Senior Buckingham Palace official
In the autumn of 1983 local journalists alleged that Charles was again seen riding to hounds with Camilla Parker Bowles. Diana later told Anthony Holden that she pressed the ‘redial’ button on the phone in Charles’s Highgrove study. A servant at Camilla’s country home answered. She said that she implored Charles not to go hunting that weekend, but he did.
One of Diana’s greatest qualities was her ability to sense and connect with the mood of strangers. It was how she had first caught Charles’s attention on the hay bale. This empathy, later deployed at a thousand hospital bedsides, was also deployed at her own. She just knew that Charles wasn’t happy with her, just knew that he pined for Camilla. Given the state of his marriage, he probably did have these feelings, but that did not mean he was being unfaithful.
Diana began to deal with the continuing leaks and the rival claims on her husband’s time. She pressed Charles to see less of old and faithful supporters such as the van Cutsems, Romseys, Palmer-Tomkinsons and Nicholas Soames. Diana was convinced that they were facilitating secret meetings between him and Camilla. His friends all insist that there were no one-on-one meetings between Charles and Camilla until 1985, and no affair until 1986.

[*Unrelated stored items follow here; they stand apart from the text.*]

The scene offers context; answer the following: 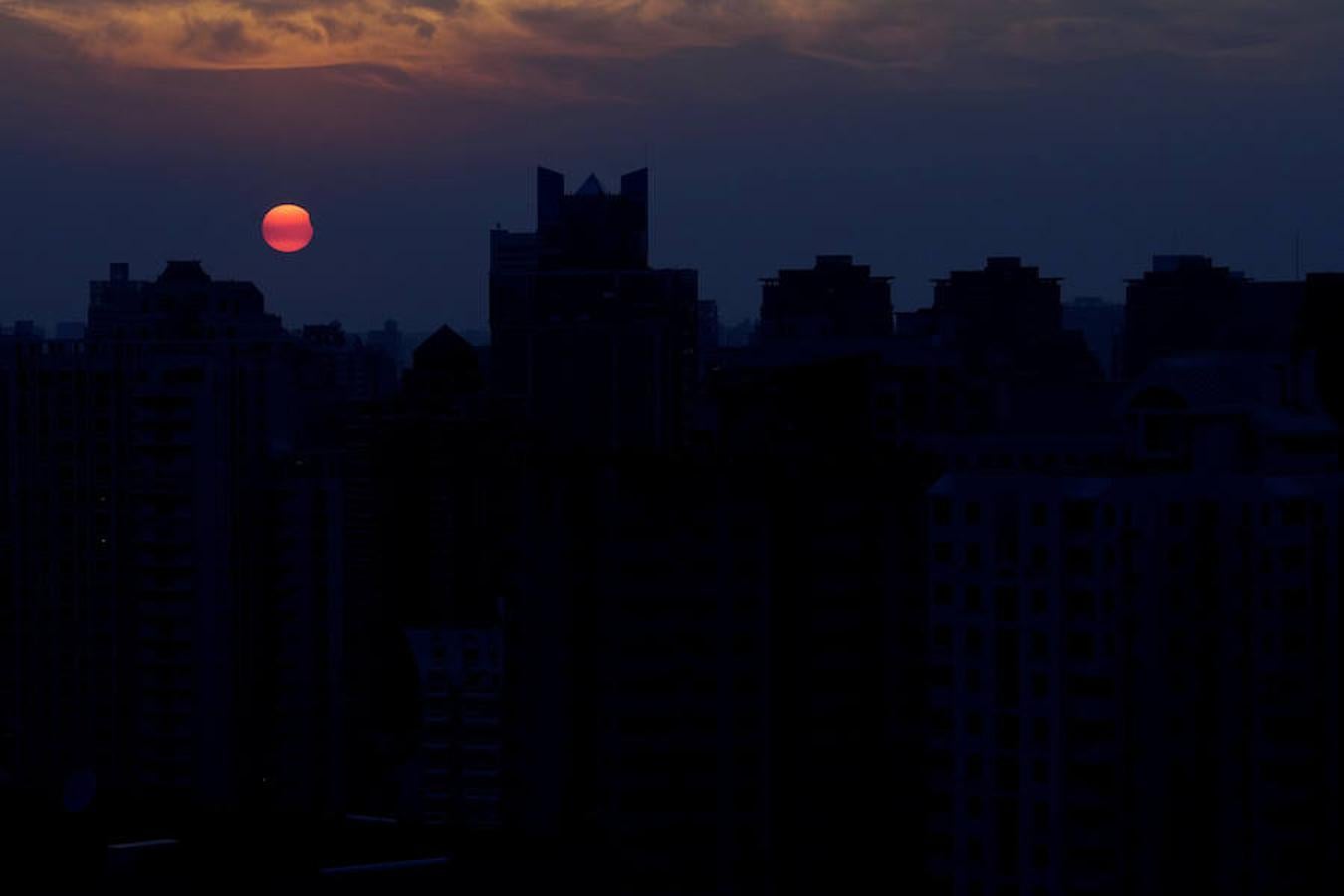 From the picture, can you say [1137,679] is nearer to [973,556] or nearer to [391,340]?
[973,556]

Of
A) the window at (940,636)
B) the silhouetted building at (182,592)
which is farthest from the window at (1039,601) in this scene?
the silhouetted building at (182,592)

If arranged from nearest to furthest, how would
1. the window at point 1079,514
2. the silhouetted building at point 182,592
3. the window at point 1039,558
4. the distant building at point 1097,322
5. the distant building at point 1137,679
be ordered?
the distant building at point 1137,679 → the window at point 1039,558 → the window at point 1079,514 → the silhouetted building at point 182,592 → the distant building at point 1097,322

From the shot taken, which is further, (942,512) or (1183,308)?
(1183,308)

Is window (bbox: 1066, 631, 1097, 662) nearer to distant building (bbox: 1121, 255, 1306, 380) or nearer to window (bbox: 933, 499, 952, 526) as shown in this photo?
window (bbox: 933, 499, 952, 526)

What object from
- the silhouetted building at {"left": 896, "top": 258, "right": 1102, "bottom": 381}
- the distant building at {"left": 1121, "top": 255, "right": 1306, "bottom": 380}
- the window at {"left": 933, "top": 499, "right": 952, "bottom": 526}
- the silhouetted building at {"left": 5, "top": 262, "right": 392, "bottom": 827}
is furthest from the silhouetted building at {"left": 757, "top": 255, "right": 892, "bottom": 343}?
the window at {"left": 933, "top": 499, "right": 952, "bottom": 526}

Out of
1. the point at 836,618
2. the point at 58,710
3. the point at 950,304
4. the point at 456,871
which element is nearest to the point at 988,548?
the point at 836,618

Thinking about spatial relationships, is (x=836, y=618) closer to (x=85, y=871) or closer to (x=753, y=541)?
(x=753, y=541)

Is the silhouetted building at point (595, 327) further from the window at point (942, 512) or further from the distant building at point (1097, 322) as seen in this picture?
the window at point (942, 512)

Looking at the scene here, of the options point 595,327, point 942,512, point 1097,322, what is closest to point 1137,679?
point 942,512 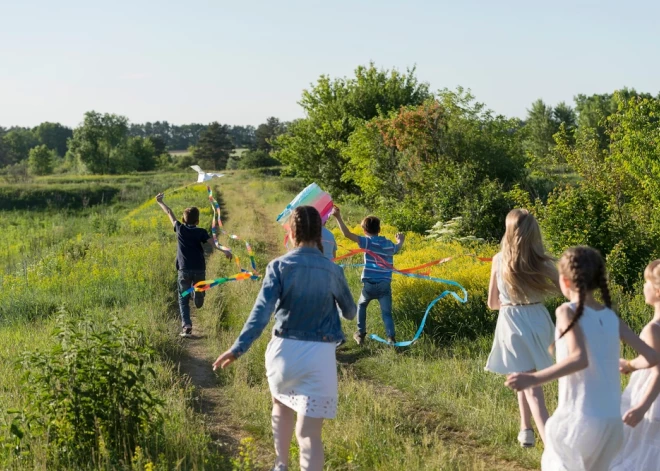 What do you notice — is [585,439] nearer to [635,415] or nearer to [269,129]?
[635,415]

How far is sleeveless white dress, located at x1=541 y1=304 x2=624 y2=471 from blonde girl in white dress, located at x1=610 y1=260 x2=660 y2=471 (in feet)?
1.63

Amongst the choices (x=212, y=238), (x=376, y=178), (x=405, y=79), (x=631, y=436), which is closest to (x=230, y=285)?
(x=212, y=238)

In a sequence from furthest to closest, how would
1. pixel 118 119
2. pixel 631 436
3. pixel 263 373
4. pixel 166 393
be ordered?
1. pixel 118 119
2. pixel 263 373
3. pixel 166 393
4. pixel 631 436

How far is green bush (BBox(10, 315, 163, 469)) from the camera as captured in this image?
5098 millimetres

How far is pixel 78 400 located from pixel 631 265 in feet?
27.1

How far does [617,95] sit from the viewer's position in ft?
43.2

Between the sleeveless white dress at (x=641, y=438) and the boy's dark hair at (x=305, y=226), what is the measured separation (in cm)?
218

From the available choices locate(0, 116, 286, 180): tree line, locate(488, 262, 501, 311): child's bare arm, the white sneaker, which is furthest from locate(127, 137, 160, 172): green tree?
the white sneaker

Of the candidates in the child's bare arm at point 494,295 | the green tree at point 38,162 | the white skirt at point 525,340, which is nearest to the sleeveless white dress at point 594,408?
the white skirt at point 525,340

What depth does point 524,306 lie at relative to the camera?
5.54m

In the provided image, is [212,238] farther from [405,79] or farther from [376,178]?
[405,79]

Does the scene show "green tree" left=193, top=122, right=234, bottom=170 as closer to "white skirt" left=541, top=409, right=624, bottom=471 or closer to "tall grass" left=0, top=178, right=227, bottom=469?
"tall grass" left=0, top=178, right=227, bottom=469

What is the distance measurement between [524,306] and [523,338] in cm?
25

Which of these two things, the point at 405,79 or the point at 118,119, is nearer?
the point at 405,79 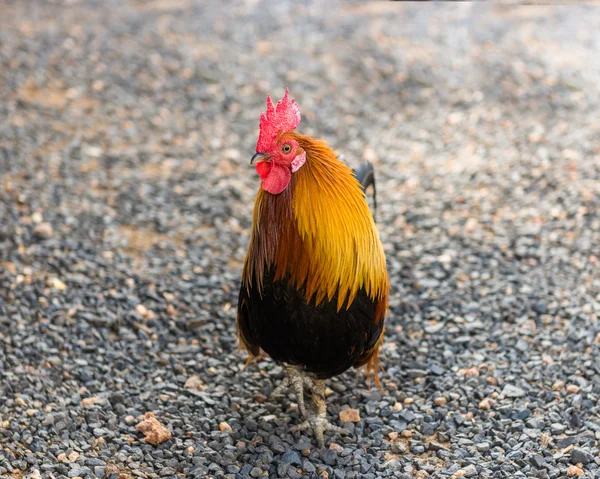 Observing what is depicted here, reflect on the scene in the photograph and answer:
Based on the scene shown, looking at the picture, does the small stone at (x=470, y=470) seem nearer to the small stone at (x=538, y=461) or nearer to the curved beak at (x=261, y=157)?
the small stone at (x=538, y=461)

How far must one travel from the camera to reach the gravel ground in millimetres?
3855

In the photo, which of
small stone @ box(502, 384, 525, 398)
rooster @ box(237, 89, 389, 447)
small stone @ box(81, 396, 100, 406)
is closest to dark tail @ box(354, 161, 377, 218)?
rooster @ box(237, 89, 389, 447)

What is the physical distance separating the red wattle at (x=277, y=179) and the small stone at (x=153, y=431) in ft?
4.70

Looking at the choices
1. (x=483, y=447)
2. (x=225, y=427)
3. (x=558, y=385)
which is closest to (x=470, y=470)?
(x=483, y=447)

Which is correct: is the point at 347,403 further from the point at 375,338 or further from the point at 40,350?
the point at 40,350

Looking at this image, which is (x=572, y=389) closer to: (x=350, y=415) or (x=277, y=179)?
(x=350, y=415)

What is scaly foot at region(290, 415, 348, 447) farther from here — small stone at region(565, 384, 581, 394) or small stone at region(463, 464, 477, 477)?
small stone at region(565, 384, 581, 394)

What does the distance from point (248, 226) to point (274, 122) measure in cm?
262

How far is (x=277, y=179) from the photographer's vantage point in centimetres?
339

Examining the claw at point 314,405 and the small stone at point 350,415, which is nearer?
the claw at point 314,405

Apart from her intuition, Diana’s only evidence that the affair resumed years before this date were Charles’s frequent absences from her bed. We know that Diana did spend many nights alone at this time, because she would call up her friends and tell them so. After a busy and exciting day, she wanted someone with whom to share her news. Janet Filderman received dozens of such late-night phone calls.
She would phone up in the evenings, probably nine o’clock or something like that, or later, saying ‘Hi, I am sitting in bed with Wills and we are watching telly.’ If it was later she was always on her own, but she would just have a little chit-chat. I suppose it was the mother/daughtery thing.